The entries are to be repeated exactly, with all pictures omitted.

SUPPLIED DATA START

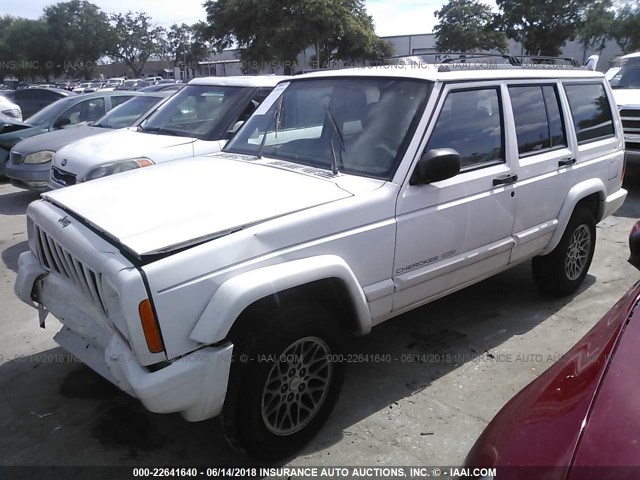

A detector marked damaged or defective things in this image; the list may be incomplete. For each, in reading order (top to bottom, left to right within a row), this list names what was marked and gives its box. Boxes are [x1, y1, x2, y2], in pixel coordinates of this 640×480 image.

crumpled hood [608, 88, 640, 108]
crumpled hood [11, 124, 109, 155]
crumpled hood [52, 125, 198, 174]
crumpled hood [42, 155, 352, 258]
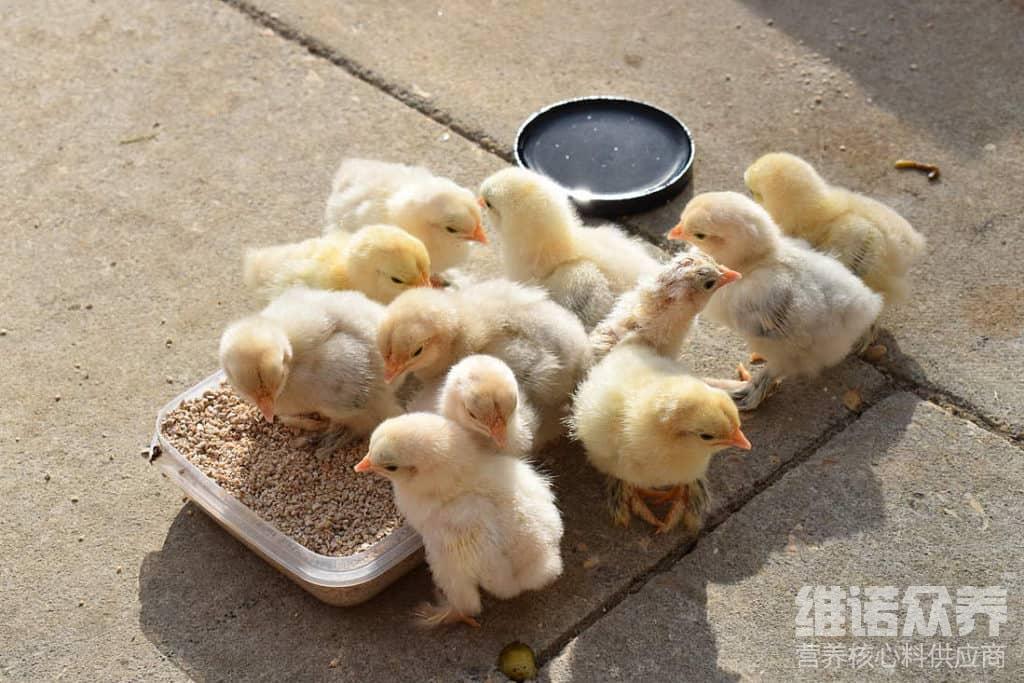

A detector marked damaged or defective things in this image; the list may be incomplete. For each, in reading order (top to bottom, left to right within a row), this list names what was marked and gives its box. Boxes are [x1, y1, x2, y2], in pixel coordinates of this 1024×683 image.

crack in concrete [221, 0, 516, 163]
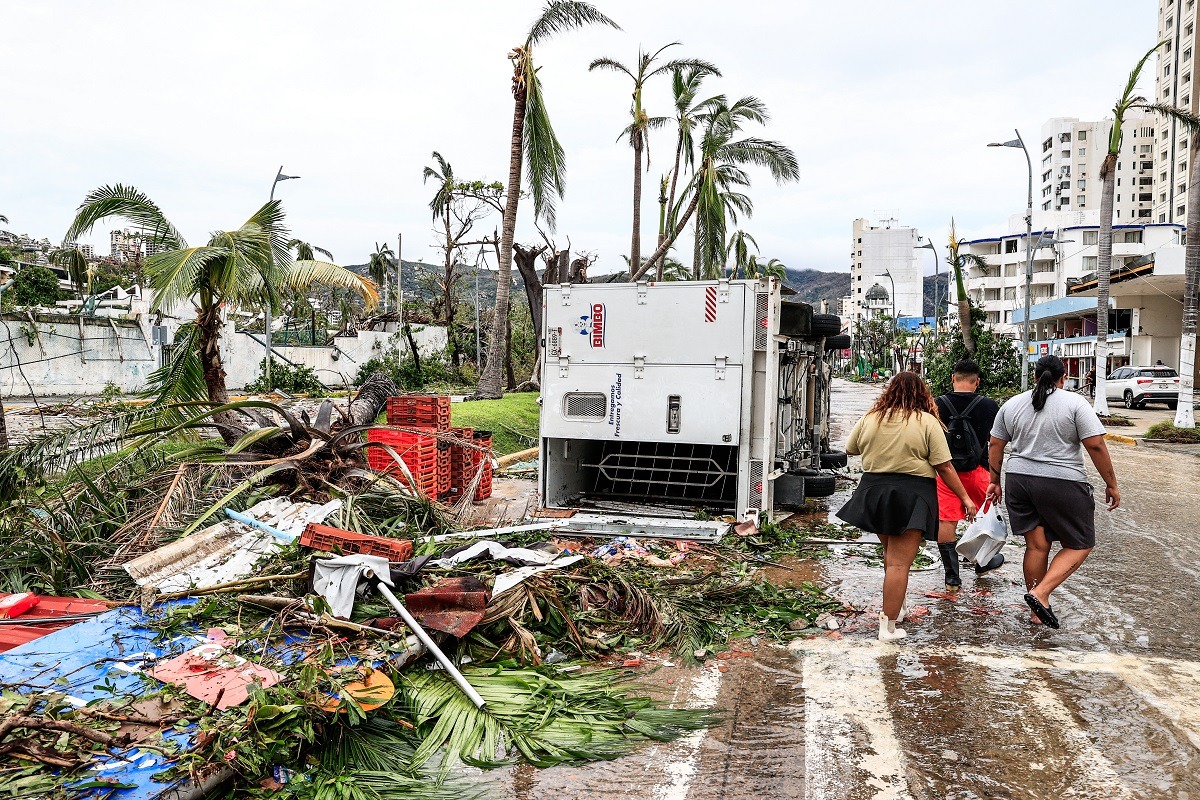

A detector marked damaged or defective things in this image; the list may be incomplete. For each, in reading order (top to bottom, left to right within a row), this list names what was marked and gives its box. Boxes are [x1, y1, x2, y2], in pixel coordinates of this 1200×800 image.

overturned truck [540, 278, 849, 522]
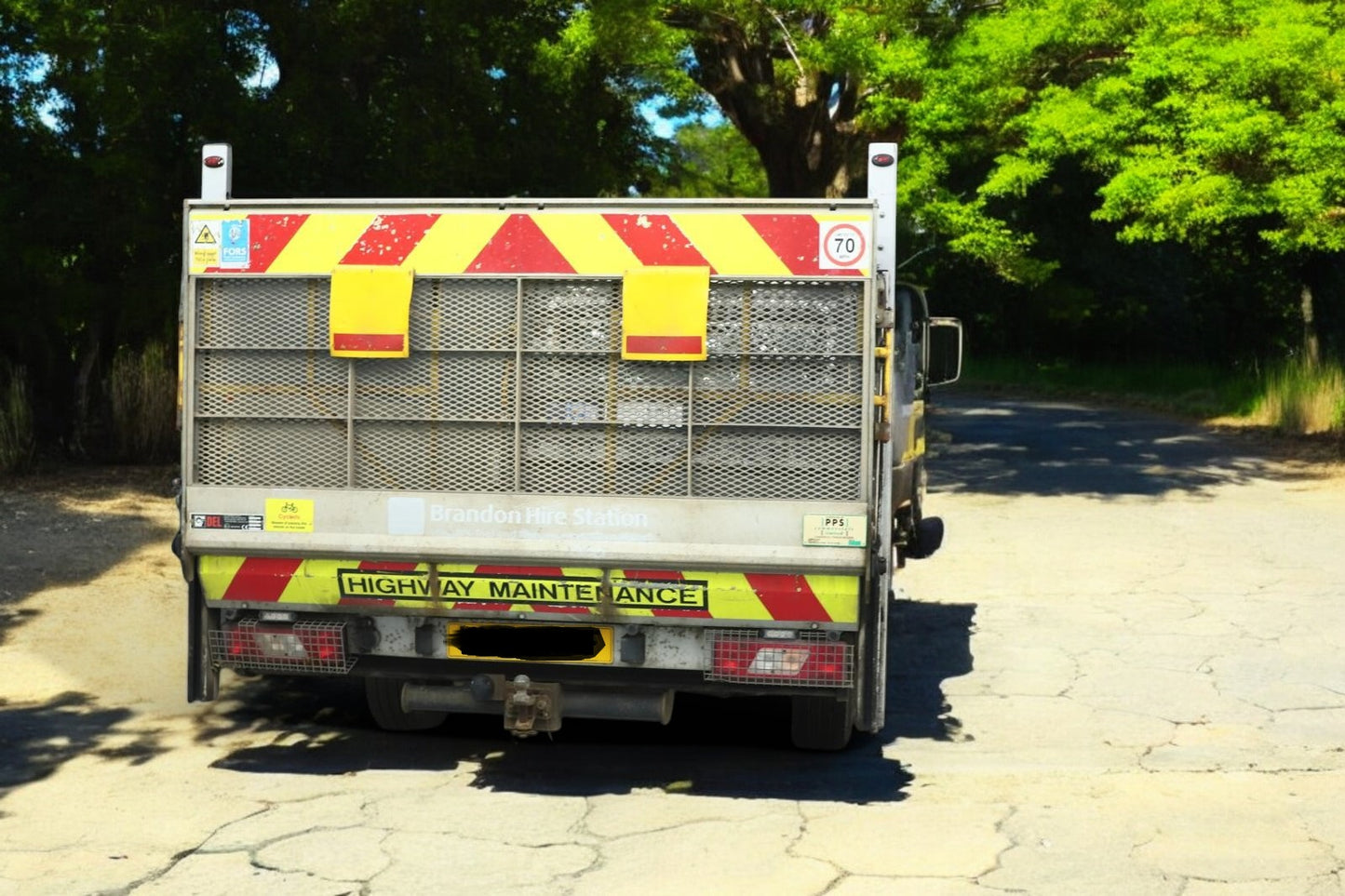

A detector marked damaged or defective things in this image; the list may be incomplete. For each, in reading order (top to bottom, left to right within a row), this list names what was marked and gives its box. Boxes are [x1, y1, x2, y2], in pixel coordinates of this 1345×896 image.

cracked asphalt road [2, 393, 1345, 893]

SUPPLIED DATA END

* SOLUTION TO THIS TASK *
A detector marked damaged or defective things in this image; the list may be incomplete. For each, in reading order (top to bottom, left to right within a row), this list names what was marked and gives its box. Boxes are [x1, y1, x2, y2], in pixel coordinates of this 640×480 image.

crumpled hood [608, 88, 640, 108]
crumpled hood [11, 124, 109, 155]
crumpled hood [52, 125, 198, 174]
crumpled hood [42, 155, 352, 258]

A detector marked damaged or defective things in this image; the list may be incomplete. For each, in reading order (top to bottom, left to right within a row), this list names what was marked and gives its box. Boxes are [x1, y1, x2, y2], in pixel coordinates of this 1024×683 image.

crack in concrete [221, 0, 516, 163]

A detector marked damaged or defective things in this image; the list may be incomplete. For each, in reading order (top to bottom, left to right within a row), this list names what was marked and gives its box. Boxes are [x1, y1, x2, y2], in pixel coordinates of this 1200×800 image.

overturned truck [540, 278, 849, 522]

A detector marked damaged or defective things in this image; the list may be incomplete. For each, in reading order (top to bottom, left to right within a row), this list names what was marked and gives its box. Boxes are [x1, y1, x2, y2], in pixel coordinates of this 1345×896 image.

cracked asphalt road [2, 393, 1345, 893]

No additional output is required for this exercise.